*** Opening of PROVIDED RECORDS ***
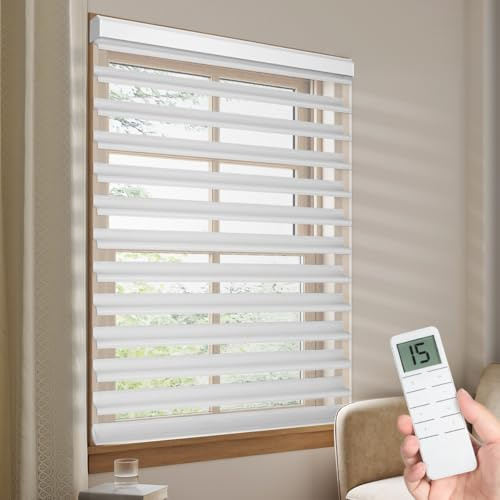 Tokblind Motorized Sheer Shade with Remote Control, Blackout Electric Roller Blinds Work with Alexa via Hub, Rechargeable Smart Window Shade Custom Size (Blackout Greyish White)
*** Close of PROVIDED RECORDS ***
*** Opening of PROVIDED RECORDS ***
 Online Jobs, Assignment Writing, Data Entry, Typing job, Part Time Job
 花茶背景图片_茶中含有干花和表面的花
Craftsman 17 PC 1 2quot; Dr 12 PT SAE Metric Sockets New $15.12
*** Close of PROVIDED RECORDS ***
*** Opening of PROVIDED RECORDS ***
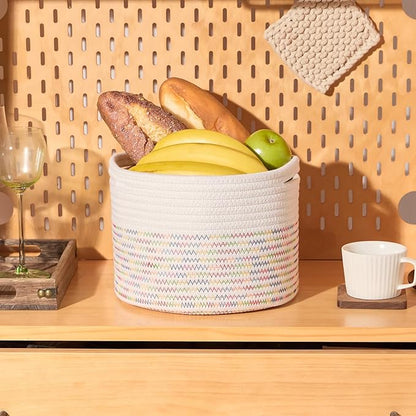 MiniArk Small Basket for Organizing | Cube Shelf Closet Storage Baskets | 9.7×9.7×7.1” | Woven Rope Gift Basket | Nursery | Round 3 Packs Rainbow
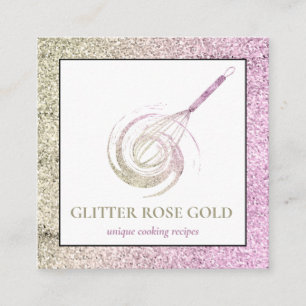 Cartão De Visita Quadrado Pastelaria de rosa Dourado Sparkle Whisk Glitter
*** Close of PROVIDED RECORDS ***
EXERCISE INSTRUCTIONS
Go down the entries above from the line containing "MiniArk Small Basket" to the line containing "Cartão De Visita" and write out each line exactly, leaving pictures out.

RESULT OF THE EXERCISE
 MiniArk Small Basket for Organizing | Cube Shelf Closet Storage Baskets | 9.7×9.7×7.1” | Woven Rope Gift Basket | Nursery | Round 3 Packs Rainbow
 Cartão De Visita Quadrado Pastelaria de rosa Dourado Sparkle Whisk Glitter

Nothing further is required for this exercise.